ASSIGNMENT => Only the lines from the one that contains "Hawk Moon | Gorman, Ed | First Edition Book" to the last line below, both included, should be transcribed. Pictures stay out of the copy.

SUPPLIED INFORMATION =>
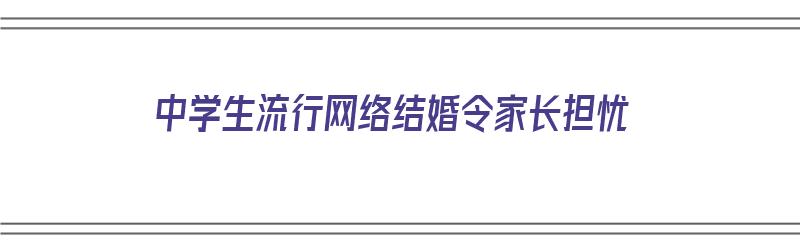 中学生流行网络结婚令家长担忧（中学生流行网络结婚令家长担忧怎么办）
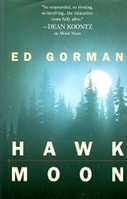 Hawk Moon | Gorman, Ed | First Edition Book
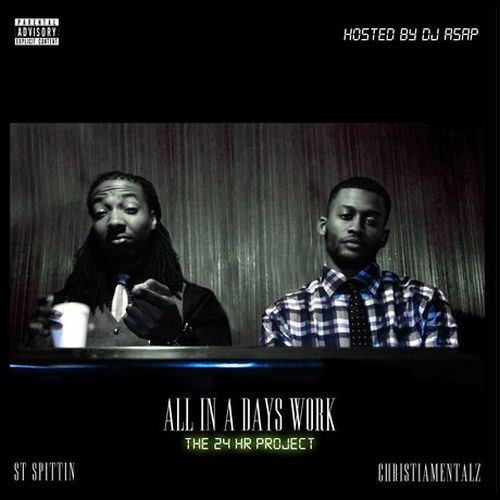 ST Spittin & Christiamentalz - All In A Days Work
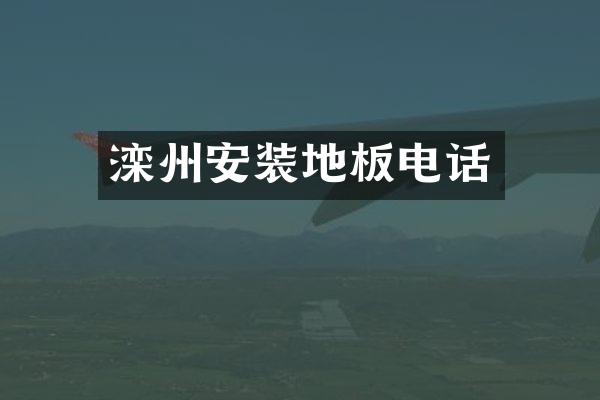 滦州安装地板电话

TASK ANSWER =>
 Hawk Moon | Gorman, Ed | First Edition Book
 ST Spittin & Christiamentalz - All In A Days Work
 滦州安装地板电话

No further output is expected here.